For every line in the material below that holds "Women", report the line.

DATA FOR THIS TASK:
•••
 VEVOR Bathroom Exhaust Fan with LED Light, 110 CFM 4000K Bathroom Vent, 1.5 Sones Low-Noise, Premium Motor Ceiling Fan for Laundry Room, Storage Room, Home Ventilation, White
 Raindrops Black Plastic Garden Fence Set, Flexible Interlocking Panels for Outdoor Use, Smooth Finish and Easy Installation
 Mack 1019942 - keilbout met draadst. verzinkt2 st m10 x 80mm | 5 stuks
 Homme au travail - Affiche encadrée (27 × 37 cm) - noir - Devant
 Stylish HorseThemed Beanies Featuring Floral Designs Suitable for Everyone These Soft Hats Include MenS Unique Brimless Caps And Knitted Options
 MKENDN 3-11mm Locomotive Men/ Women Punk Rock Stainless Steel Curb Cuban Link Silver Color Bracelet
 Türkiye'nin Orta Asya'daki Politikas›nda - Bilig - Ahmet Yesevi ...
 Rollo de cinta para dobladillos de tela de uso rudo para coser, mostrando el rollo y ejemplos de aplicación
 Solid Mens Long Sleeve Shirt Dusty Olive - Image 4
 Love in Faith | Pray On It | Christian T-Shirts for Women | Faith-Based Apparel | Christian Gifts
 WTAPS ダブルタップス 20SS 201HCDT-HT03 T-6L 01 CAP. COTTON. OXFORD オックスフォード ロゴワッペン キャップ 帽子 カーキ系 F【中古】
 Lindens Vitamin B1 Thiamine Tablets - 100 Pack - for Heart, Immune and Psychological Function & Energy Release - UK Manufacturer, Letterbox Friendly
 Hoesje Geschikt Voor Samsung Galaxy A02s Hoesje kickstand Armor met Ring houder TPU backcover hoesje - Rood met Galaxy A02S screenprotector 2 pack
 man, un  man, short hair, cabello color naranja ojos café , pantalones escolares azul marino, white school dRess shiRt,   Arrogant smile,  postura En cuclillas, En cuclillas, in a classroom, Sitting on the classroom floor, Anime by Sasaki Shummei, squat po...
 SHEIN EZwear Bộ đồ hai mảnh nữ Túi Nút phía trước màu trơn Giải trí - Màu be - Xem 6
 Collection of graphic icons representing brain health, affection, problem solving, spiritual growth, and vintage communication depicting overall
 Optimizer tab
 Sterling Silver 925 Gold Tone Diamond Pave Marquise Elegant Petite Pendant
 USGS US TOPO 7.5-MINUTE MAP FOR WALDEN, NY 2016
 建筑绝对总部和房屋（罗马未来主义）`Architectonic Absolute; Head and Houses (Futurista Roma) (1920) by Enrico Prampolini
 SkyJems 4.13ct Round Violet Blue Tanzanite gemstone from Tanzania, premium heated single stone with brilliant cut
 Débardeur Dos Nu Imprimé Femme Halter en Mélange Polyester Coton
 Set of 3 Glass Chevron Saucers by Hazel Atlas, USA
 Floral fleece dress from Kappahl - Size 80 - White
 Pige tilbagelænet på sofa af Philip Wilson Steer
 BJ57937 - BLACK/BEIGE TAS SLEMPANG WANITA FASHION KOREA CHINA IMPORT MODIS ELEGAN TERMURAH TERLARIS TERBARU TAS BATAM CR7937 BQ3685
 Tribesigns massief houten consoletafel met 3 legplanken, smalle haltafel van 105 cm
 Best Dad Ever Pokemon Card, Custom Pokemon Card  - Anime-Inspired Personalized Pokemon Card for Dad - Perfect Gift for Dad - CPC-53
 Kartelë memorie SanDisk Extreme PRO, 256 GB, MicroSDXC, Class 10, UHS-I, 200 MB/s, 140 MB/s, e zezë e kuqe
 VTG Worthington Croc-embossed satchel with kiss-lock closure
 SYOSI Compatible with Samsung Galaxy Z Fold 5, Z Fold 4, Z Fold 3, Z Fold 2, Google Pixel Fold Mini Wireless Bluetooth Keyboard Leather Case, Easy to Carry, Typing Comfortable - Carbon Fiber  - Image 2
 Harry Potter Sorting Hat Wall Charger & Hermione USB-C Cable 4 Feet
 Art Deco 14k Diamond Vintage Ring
•••
WRITTEN REPLY:
 MKENDN 3-11mm Locomotive Men/ Women Punk Rock Stainless Steel Curb Cuban Link Silver Color Bracelet
 Love in Faith | Pray On It | Christian T-Shirts for Women | Faith-Based Apparel | Christian Gifts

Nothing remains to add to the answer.